Vincere il mal di schiena: quali benefici? Il racconto di un’esperienza

24
Lug 2018

La mia vita aveva acquisito ormai un ordine prestabilito: otto ore lavorative piene in ufficio, sedentarietà e alimentazione pratica tra fast food e cibi precotti. Tutto mi appariva logico e coerente, non pensavo a niente se non che fossi una persona ligia al dovere. Mi sentivo pienamente soddisfatta.

 

Poi, ad un tratto, senza preavviso alcuno, arriva il mal di schiena.

 

All’inizio speravo che quel dolore acuto e invalidante sparisse magicamente, volevo si trattasse solamente di un bruttissimo sogno e desideravo risvegliarmi al più presto. Giorno dopo giorno, però, andava sempre peggio: facevo fatica ad addormentarmi e anche il risveglio era straziante per il mio corpo, per non parlare delle ore trascorse a lavoro in cui stavo diventando sempre più lenta e la mia autostima e il mio umore sembravano essere seriamente in pericolo.

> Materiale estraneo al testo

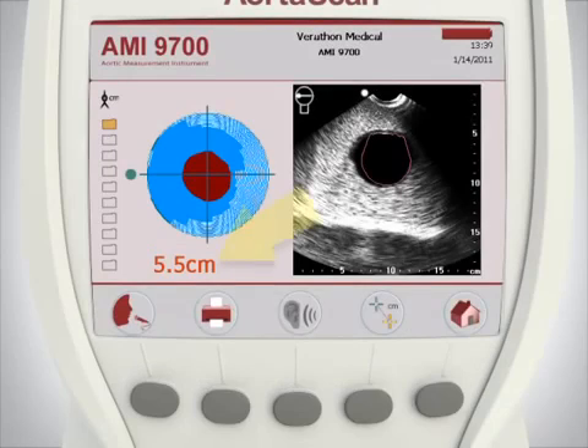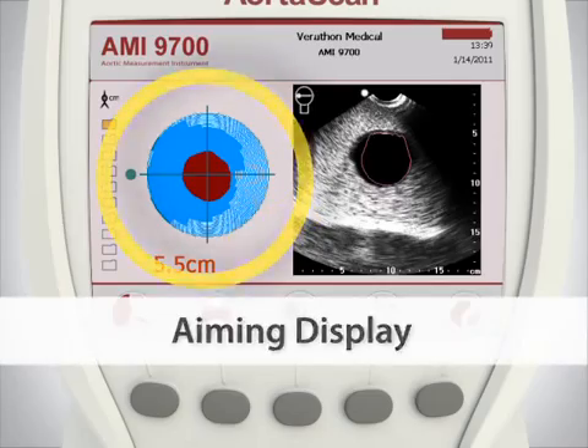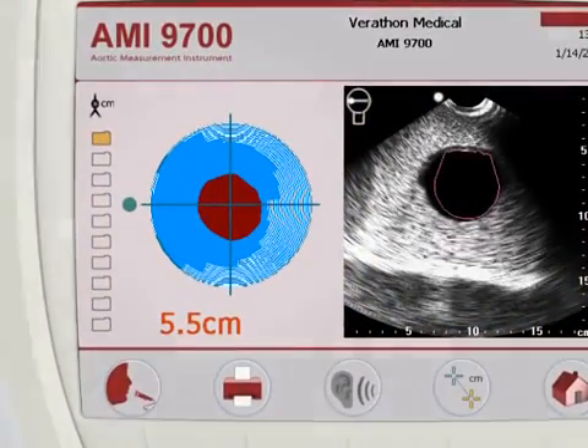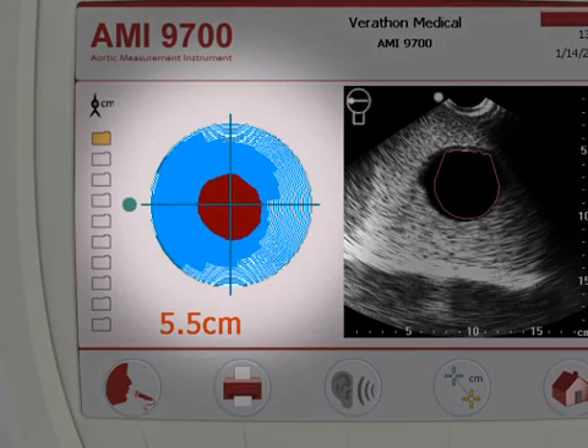The results screen shows the aortic diameter in centimeters, along with the aiming display and the results display. The scan is accurate when the aorta image is centered on the crosshairs of the aiming display. The aiming display shows the location of the aorta relative to the ultrasound probe, as viewed by the probe looking into the body. If the measured diameter is larger than 3 centimeters, the abdominal aorta is shown in red and the measured diameter is displayed.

Cercavo di distrami in tutti i modi e nel tragitto casa-ufficio, per distorgliere la mente dal costante mal di schiena, mi concentravo nella lettura di qualunque pubblicità come se fossi una bambina affascinata dalle lettere che ormai era riuscita a decifrare e che le facevano scoprire un mondo nuovo e inesplorato, e fu proprio in uno di questi momenti che riscoprii una parola che, sì, conoscevo, ma il cui significato era soltanto una conoscenza fine a se stessa, come se ne avessi ignorato fino a quel momento l’utilità nella mia vita così lineare e priva di attriti. Ricordo con commozione quel momento. Quell’enorme cartellone pubblicitario si stagliava davanti ai miei occhi, che furono colpiti dalla frase: “Vendita di materiali resilienti”.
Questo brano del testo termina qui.